Suami Syifa tersinggung, merasa istrinya menuduh ia yang banyak menghabiskan listrik. Memang, hobbinya mengutak-atik elektronika selalu banyak menghabiskan listrik. Karena tersinggung, maka yang terlontar bukanlah pemahaman, tetapi justru kata-kata yang tidak enak didengar.

Seperti Ummu Sulaim, kita pun harus mencari cara yang tepat untuk menyampaikan satu persoalan kepada suami atau istri. Beberapa hal yang bisa dilakukan akan kita bahas di sini.

1. Pilihan Waktu yang tepat

Perbuatan Ummu Sulaim sungguh-sungguh mulia. Betapa besar ketabahan yang ia miliki sehingga mampu bersabar menghadapi ujian berat, sekaligus mencari waktu terbaik untuk mengabarkan satu musibah besar kepada suami. Seandainya Ummu Sulaim menyambut kedatangan suaminya yang sedang amat lelah dengan tangisnya yang memilukan, mungkin suami akan menjadi lebih sedih lagi. Dalam kondisi suami yang belum fit, dikhawatirkan tidak akan bisa ikhlas menerima takdir Allah Swt tersebut.

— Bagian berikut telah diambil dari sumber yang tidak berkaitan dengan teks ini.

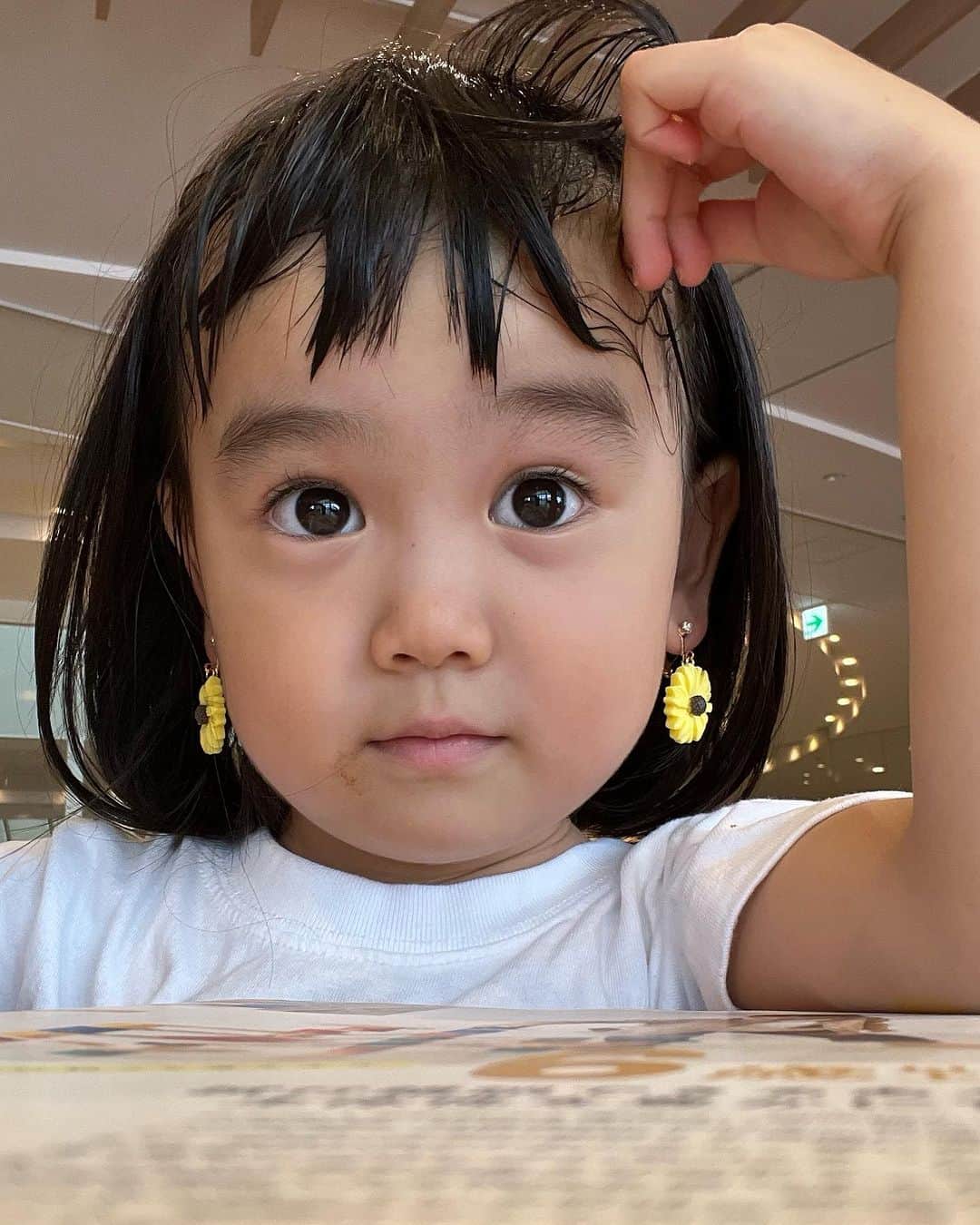 眞田佳織さんのインスタグラム写真 - (眞田佳織Instagram)「🌻毎日お嬢🌻 夏休み、始めました。 間も無く4歳です。 急に大人びた。🤣🤣🤣❤️ . . #子育て #3歳11ヶ月  #7月 #バースデー . #子連れスポット #お出かけ」7月15日 19時37分 - kaori_sanada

Pemilihan waktu yang baik akan membantu seseorang untuk lebih mudah menerima berita buruk. Orang akan lebih mudah untuk mengendalikan emosinya, dan bisa berpikir dengan akal sehatnya.

2. Kestabilan Emosi

Tak mungkin Ummu Sulaim mampu menahan keinginannya untuk bicara kepada suami jika ia tak pandai menjaga emosinya. Padahal sebuah musibah teramat berat telah menimpanya.

Menjaga kestabilan emosi, sangat diperlukan pada saat-saat kritis seperti ini. Begitu juga bila kita harus menyampaikan berita buruk kepada suami, yang terlebih dahulu harus kita miliki adalah kestabilan emosi.

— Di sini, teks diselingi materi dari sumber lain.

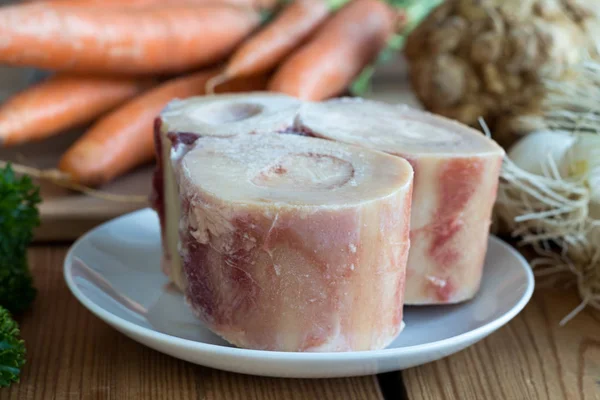 Ingrediënten voor het voorbereiden van een bone rundvlees bouillon — Stockfoto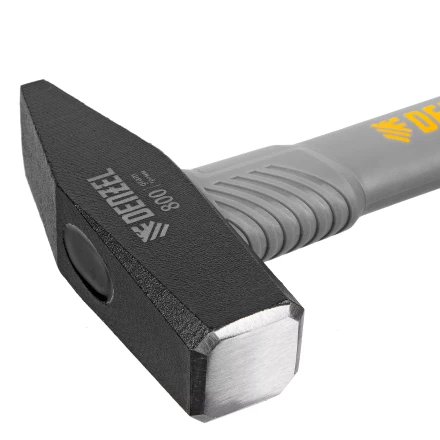 Молоток слесарный, 800 г Denzel 10488, кованый, фибергласовая рукоятка c TPR покрытием купить в Когалыме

Kestabilan emosi ini muncul bersamaan dengan keikhlasan yang tumbuh dalam dada. Keikhlasan menerima takdir, walaupun kita anggap buruk, dari Allah Swt. Itu sebabnya teramat penting bagi kita untuk menjaga keikhlasan hati kapanpun dan dimanapun kita berada. Ini penting, mengingat musibah bisa datang sewaktu-waktu, tak peduli saat dan tempat.

3. Kalimat Berhikmah

Perhatikan rangkaian kalimat yang dipilih Ummu Sulaim untuk mengabarkan kematian anak mereka. Selain diucapkan dengan lembut, kalimat itu memiliki makna yang sangat dalam. Berita musibah tidak langsung disampaikan, tetapi terlebih dahulu dengan mengingatkan bahwa barang milik orang akhirnya akan diambil juga. Benar-benar sebuah ucapan yang amat bijaksana.

Kebijaksanaan itu pun bisa kita teladani jika kita menghadapi musibah serupa, yaitu musibah kematian. Bukankah semua yang ada di muka bumi ini milik Allah? Kita memiliki anak pun hanya sekedar titipan. Semua milik Allah. Jika meninggal, hilang, rusak, itu berarti telah diambil oleh pemiliknya yang sebenarnya.

Memilih kalimat yang bijaksana dan tepat kadangkala bukan hal yang mudah. Bagi mereka yang belum biasa mungkin memerlukan persiapan untuk memilih-milih. Akan lebih mempermudah jika kita memahami karakter pasangan masing-masing, sehingga sudah hafal kalimat-kalimat yang membuat pasangan senang dan bisa mengerti.

4. Bahagiakan Terlebih dahulu

Tak kurang Rasulullah Saw turut mendoakan hubungan yang dilakukan Ummu Sulaim dan suaminya, ketika beliau tahu sang istri melakukannya demi membahagiakan suami terlebih dahulu.

Sebuah trik yang baik dan bisa kita lakukan terhadap pasangan kita. Secangkir teh hangat beserta kue ringan di sore hari, misalnya, bisa memberikan kegembiraan bagi suami sebelum istri menyampaikan dengan hati-hati permasalahan yang ingin dibicarakan.

Kebahagiaan seperti apa yang akan diberikan, ini tergantung pula kepada karakter masing-masing orang. Itu sebabnya sangat penting bagi sepasang suami-istri untuk senantiasa saling menambah pemahaman dari hari ke hari. Insya Allah, jika pemahaman cukup, akan mempermudah menciptakan suasana tenang walau dalam kondisi menerima musibah sebesar apapun, atau ketika mendiskusikan permasalahan yang berat.